As one who (sparingly) uses a mobile phone in public places - I would be handicapped without one - I irritate nearly one in three people.

As one who (sparingly) uses a mobile phone in public places - I

would be handicapped without one - I irritate nearly one in three

people.



Indeed, 29 per cent of those polled by NOP said this was one of their

three pet hates. Their hostility was not entirely spontaneous. They were

asked to name three items from a list of 12.



Still, it is useful to know what gives some people the screaming

habdabs.



It is even more helpful to know what drives most people up the wall.

They call it junk mail.

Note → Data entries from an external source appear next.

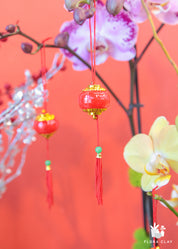 Red Lantern Orchid Arrangement in a Brown Pot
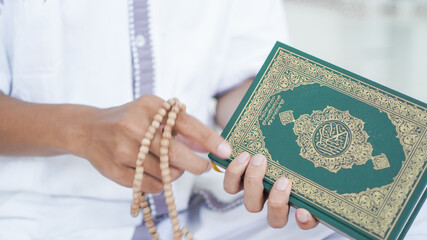 Obraz premium A portrait of an asian muslim man holding Quran and tasbih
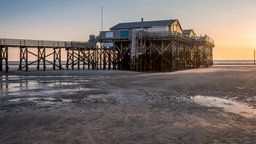 Die Seebrücke von St. Peter-Ording bei Sonnenuntergang | Bildquelle: IMAGO/Frank Röder Die Seebrücke von St. Peter-Ording bei Sonnenuntergang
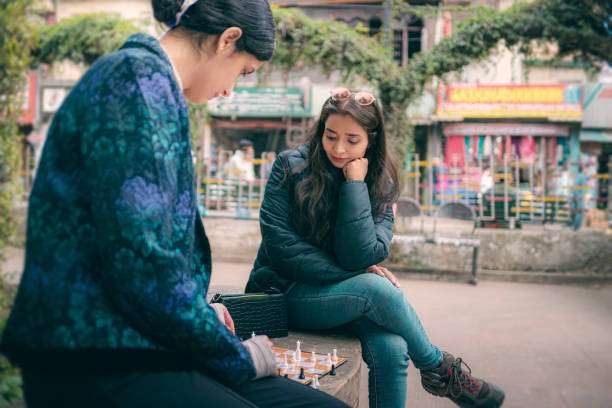 Two child girls playing chess together on a chess board.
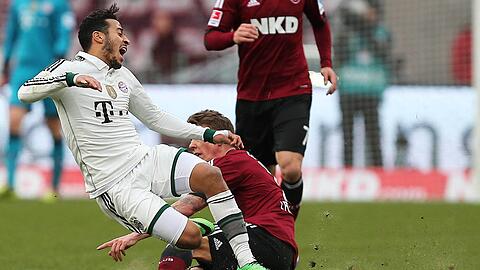 Da staubt&rsquo;s! Thiago (l.) vom FC Bayern München wird von Mike Frantz (1. FC Nürnberg) von den Beinen geholt. Rechts sieht man den Sand, der bei jedem Zweikampf aufgewirbelt wurde.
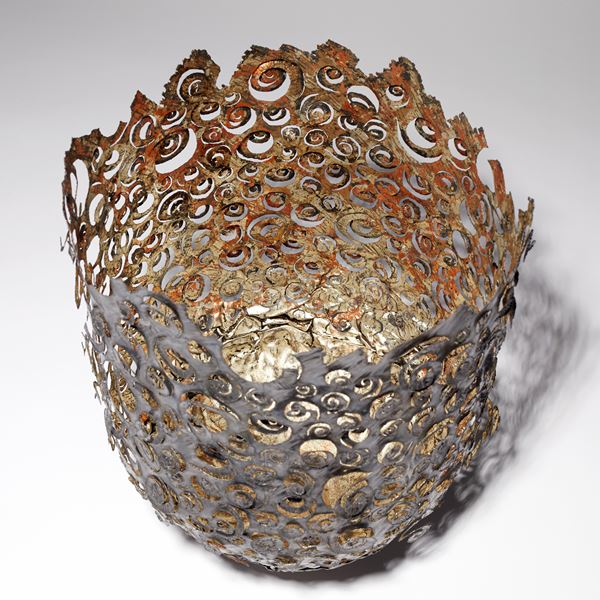dark brown and copper aged looking large metal vessel with hand cut organic ammonite swirling patter and irregular top edge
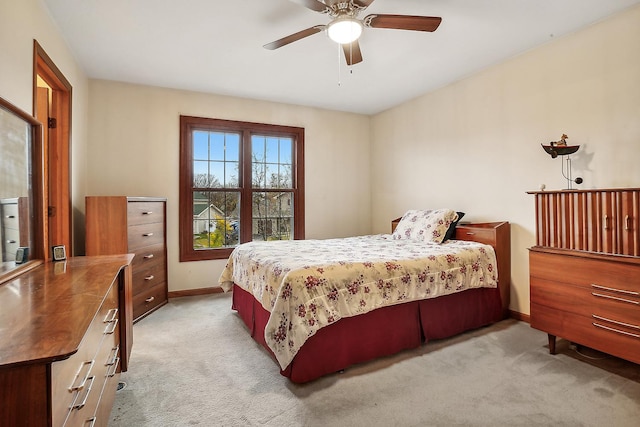 bedroom with baseboards, a ceiling fan, and light colored carpet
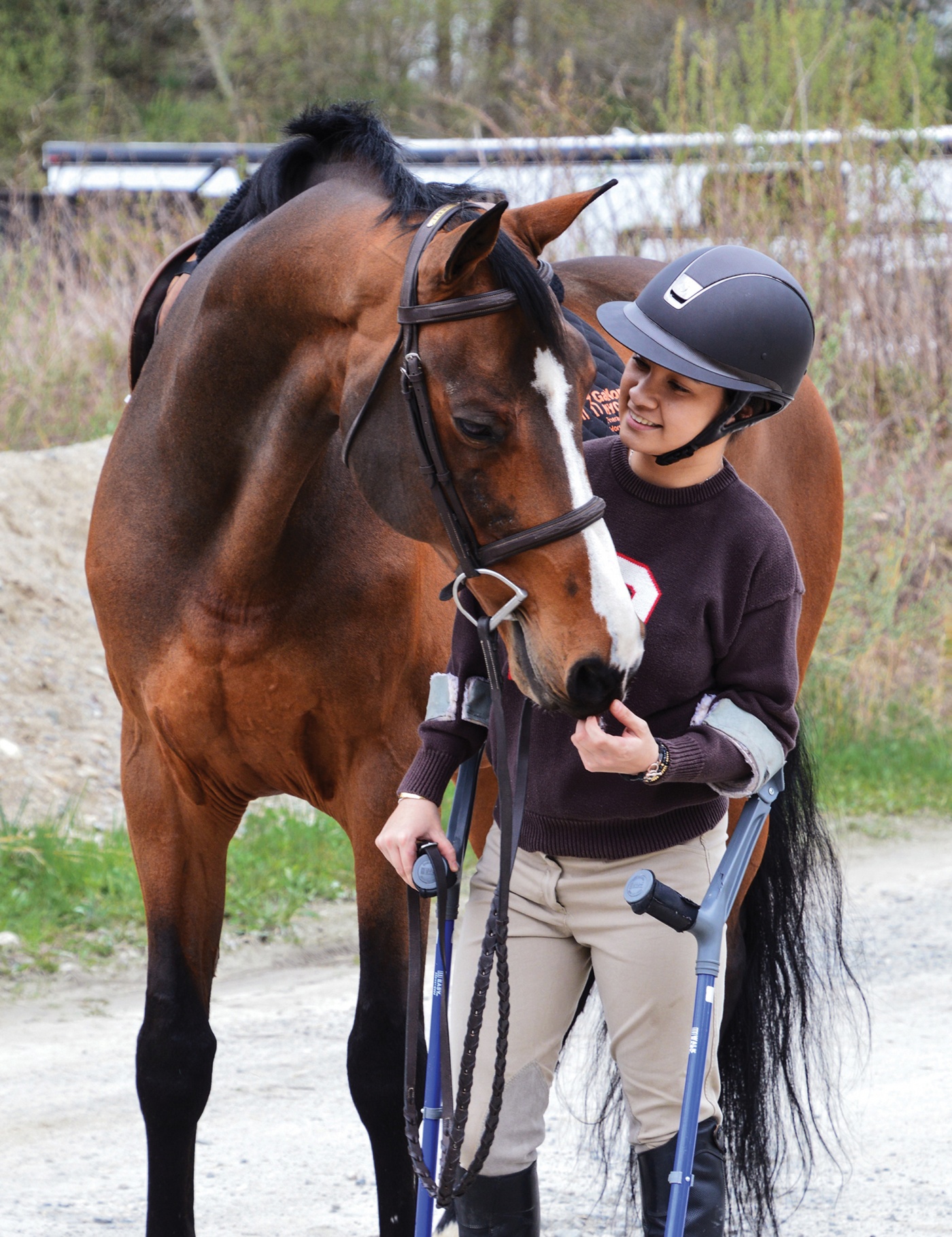 Equestrienne Lauren Reischer ’21 with her horse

Virtually two-thirds of those polled told NOP

that it has them grinding their teeth. And, according to the Sunday

Times, a survey earlier this month of a London street showed that 87 per

cent of junk mail goes straight into the waste paper basket.



So why has the direct mail business grown by 150 per cent in ten

years?



What is the point of pestering the average household with at least two

junk mailings a week and businesses with 15? Well, if the NOP is to be

believed, 35 per cent of us don’t get worked up about them and 13 per

cent of us don’t bin them immediately. Whether these calm customers look

at them is less than clear. But, given that there are about three

billion direct mail shots a year, well over a billion go to reasonably

receptive folk and 390 million of us don’t just chuck them away. On any

definition, this is a mass market. Direct mailing is evidently

considered to be an effective and profitable way of tapping it.



But, are those who use direct mail looking at all the costs? It’s the

same question I ask so-called ’greens’ when they go into raptures about

wind farms only to discover that most of them are aesthetically dead

from the neck upwards.



I would not lay that charge against the average business. But is there,

for example, a potential public relations cost in using direct mail?

Well, even before I knew that junk mail offends the majority of people,

I would have counselled those canvassing support for any body remotely

linked with the environment to avoid direct mail like the plague. They

are just asking to be shot at for helping ’to denude the world’s

forests’. And would it make you feel better if they used recycled

paper?



If you search with a magnifying glass through your daily, you will

discover a line which says that recycled paper made up 41.2 per cent of

the raw material for UK newspapers in the first half of last year. Does

that make you feel better about the pounds - half a stone on Sundays -

of supplements you weed out and cast aside?



In short, is junk mail compatible with public relations? I only asked.